This won't make sense to someone who hasn't done it... picked up and moved half a world, or a quarter world away. But what it boils down to is simple. If Jesus ever did got laid (in his short time on Earth) then he most likely got laid in Nazareth.
Wednesday, October 11, 2006
Hi Everyone! Well, it took two days of driving (and a lot of partying along the way) but I made it home to Thanksgiving. Okay, I was the last member of the family to pull in the driveway, but I made it! And I'm glad I did. Otherwise I would have missed some of the hilarious moments as all THREE generations got together.
Okay, last year we had three generations also (technically). But we didn't have any grandparents. This year, thanks to Brody the wonder-crier, we also had grandparents in the house! The first video is that new grandfather being attacked by his nephew. The second is a picture montage ending with the little cry baby himself. (Brody, not the grandpa.)

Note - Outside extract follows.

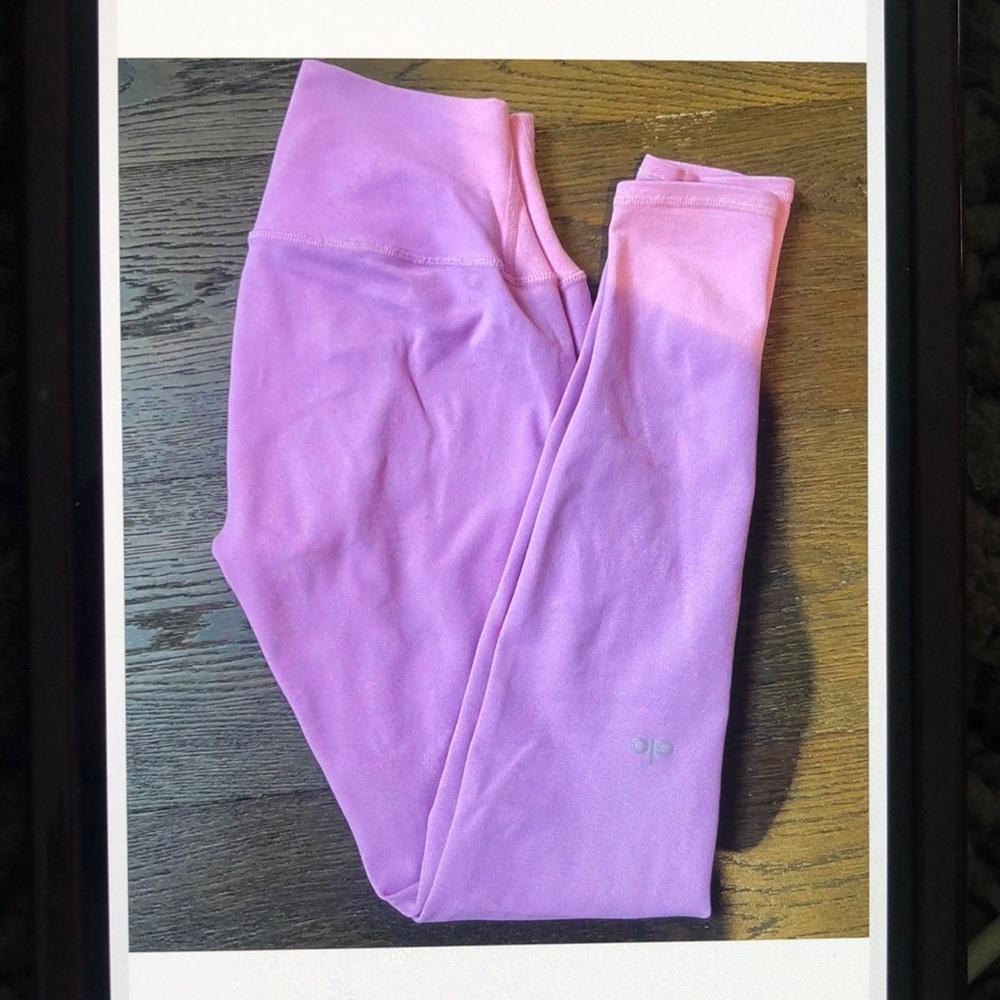 Pink alo leggings!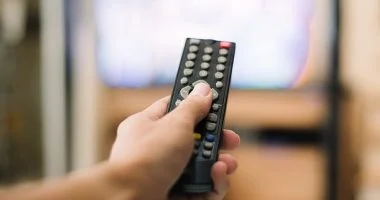 النوم أمام التلفاز.. هل يفسد جودة النوم فعلًا أم له فوائد صحية؟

"This Better Not Get On The Internet!"
"Brody's 1st Thanksgiving"
Thursday, October 05, 2006
I really prefer to write about ideas over events. But today events are taking centre stage over ideas. It's a busy time. It's my second last day working my current contract, my third last day in the United States, and plans and activities are flying about in all directions.
I spent a portion of my "work day" and sent three more job applications. (Thanks for the leads Irene!) I should be terribly worried about what I'm going to do next for work, but I'm too preoccupied by the question of when I'm going to get to sleep.
Hey, if anyone needs a radio communications network built, I can do that. High-speed wireless data? I'm your guy! Need help programming your Nokia? So do I.
I'm really looking forward to being at my parents' on Sunday for Thanksgiving dinner! And strangely, wonderfully, a number of old classmates from college have just made email contact this week... just before I'll be back in town. I hope they can pull themselves away from the Lego(tm) and Teletubbies long enough to come out for a beer.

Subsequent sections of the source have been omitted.